I looked up at Merriwether’s eyes only to
realize he already knew the answer to his own question. “They killed my parents,” I said slowly, my voice betraying me by threatening to break. Saying the words out loud brought the reality of the situation to the forefront of my mind: My parents’ deaths could have been avoided. I now had an enemy.
One I wanted to kill with my own hands.
“So you’re telling me you came here because you want revenge,” Merriwether said. “You want to do to them what they did to your family. You want to take lives as a means to even the playing field, is that it?” His voice was filled with pity, and a profound sense of shame began to infect me as I listened to his assessment.
“I just want answers,” I said.
“Ah. You want to know what it is that inspired the enemy to commit murder,” Merriwether said softly. “You want to know what sorts of creatures could do such a thing.”
I nodded.
“Well, if you come with me, you’ll find out soon enough. But I should warn you, the Academy has trained the Blood-Born for centuries, and we don’t deal in revenge. If your sole motivation in attending is to draw blood, you will find you have no place between the walls of our institution. Focus too much on those who have died, and you will find it impossible to focus on the living…and it’s the living who are important now.”
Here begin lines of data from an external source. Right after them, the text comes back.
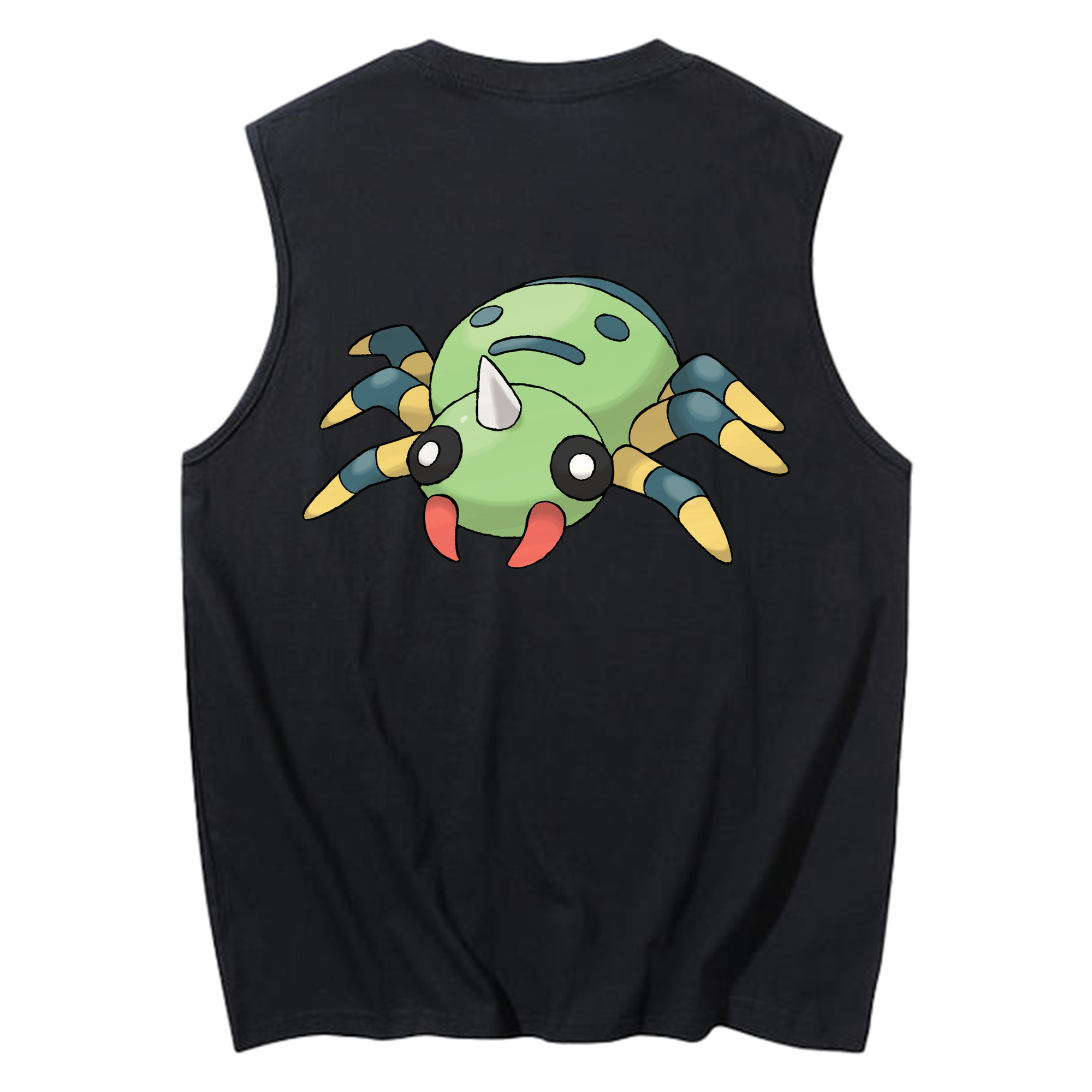 （画像用） ポケットモンスター Pokémon コットン100％タンクトップ（背面プリント）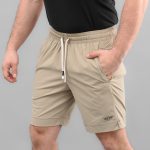 Шорти спортивні "EXTRAVEL" SAND (2VStretch) - Зображення 3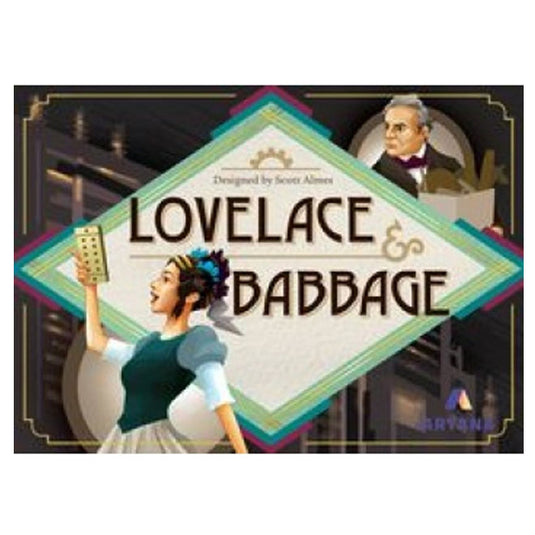 Lovelace & Babbage - Board Game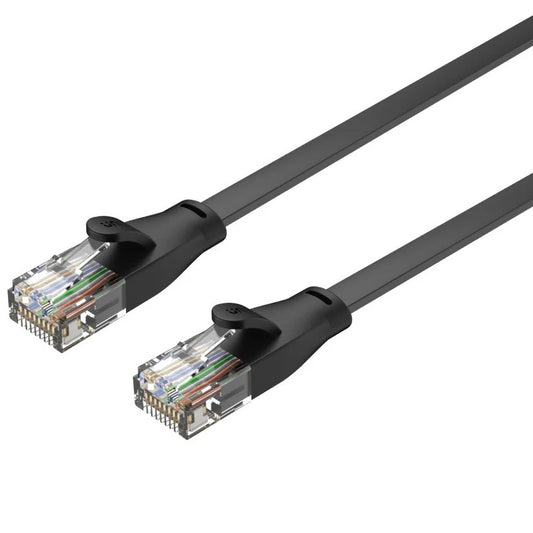 Cable Patchcord Cat 6 Chato 5m Unitek RJ45 Gigabit 1000Mbps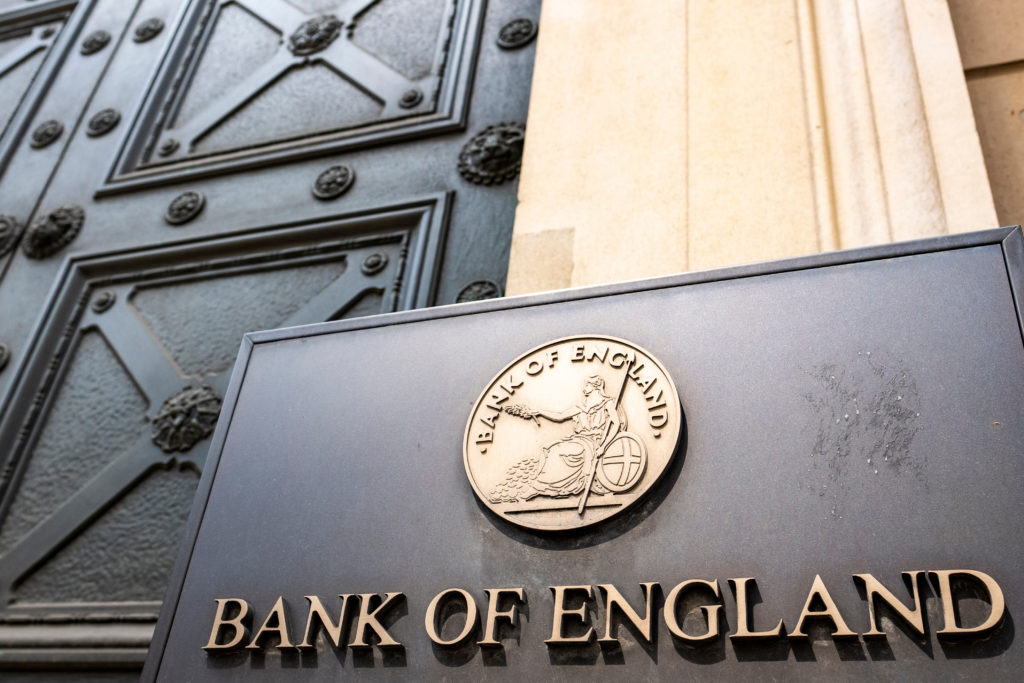 Bank of England raises interest rates to 1.75% warning of recession
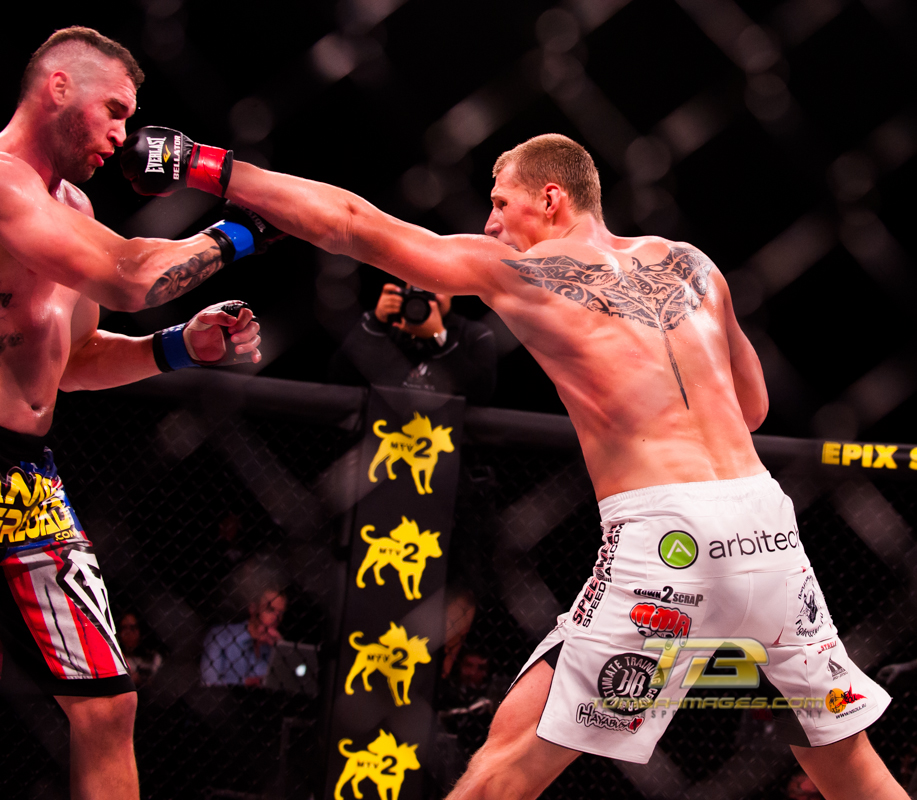 Favorite images captured at Bellator # 84 
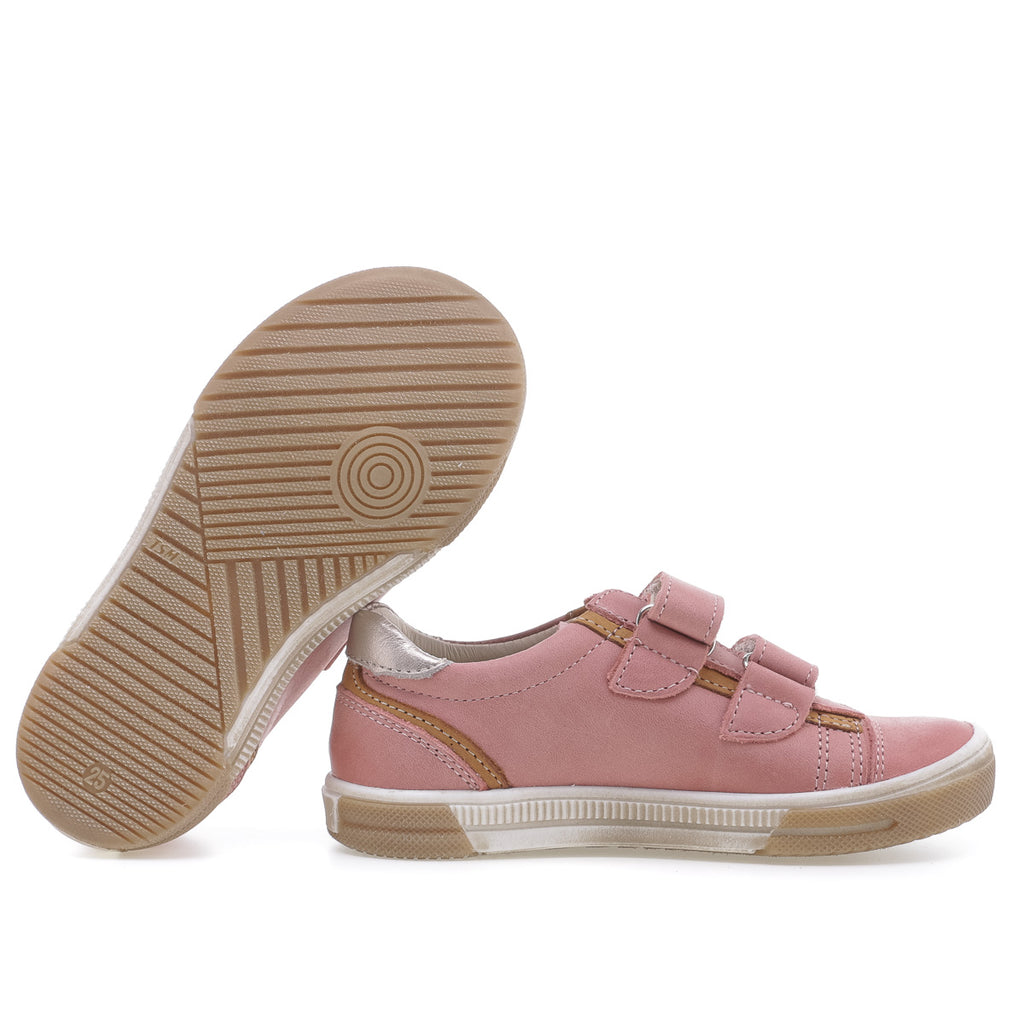 (2066B-3) Low Velcro Trainers coral - MintMouse (Unicorner Concept Store)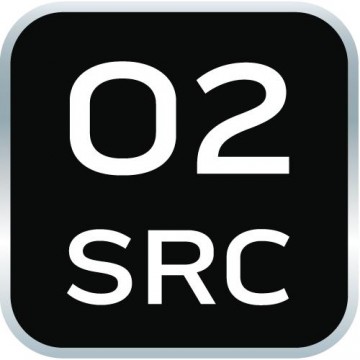 Półbuty zawodowe O2 SRC, nubuk, rozmiar 44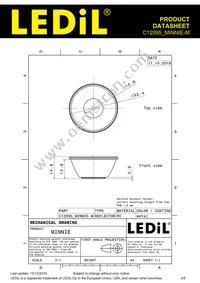 C12095_MINNIE-M Datasheet Page 2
“But…” I began, slamming my mouth shut when I saw the look on the Headmaster’s face. He was right. Nothing I could say or do would bring my parents back or make the pain go away. “I do want to learn. I want to know why I was invited. I want to understand who—what—I am.”
“Good. That’s an important first step.”
“Tell me, then,” I said, pulling at the chain around my neck and holding Charlie’s gift out from under my shirt. “Why did I get this on my birthday? Is it something every Seeker gets when they turn seventeen?”
“Ah, the dragon key,” Merriwether said with a wistful smile. “Such a pretty thing. It wasn’t easy to get it to you, you know.”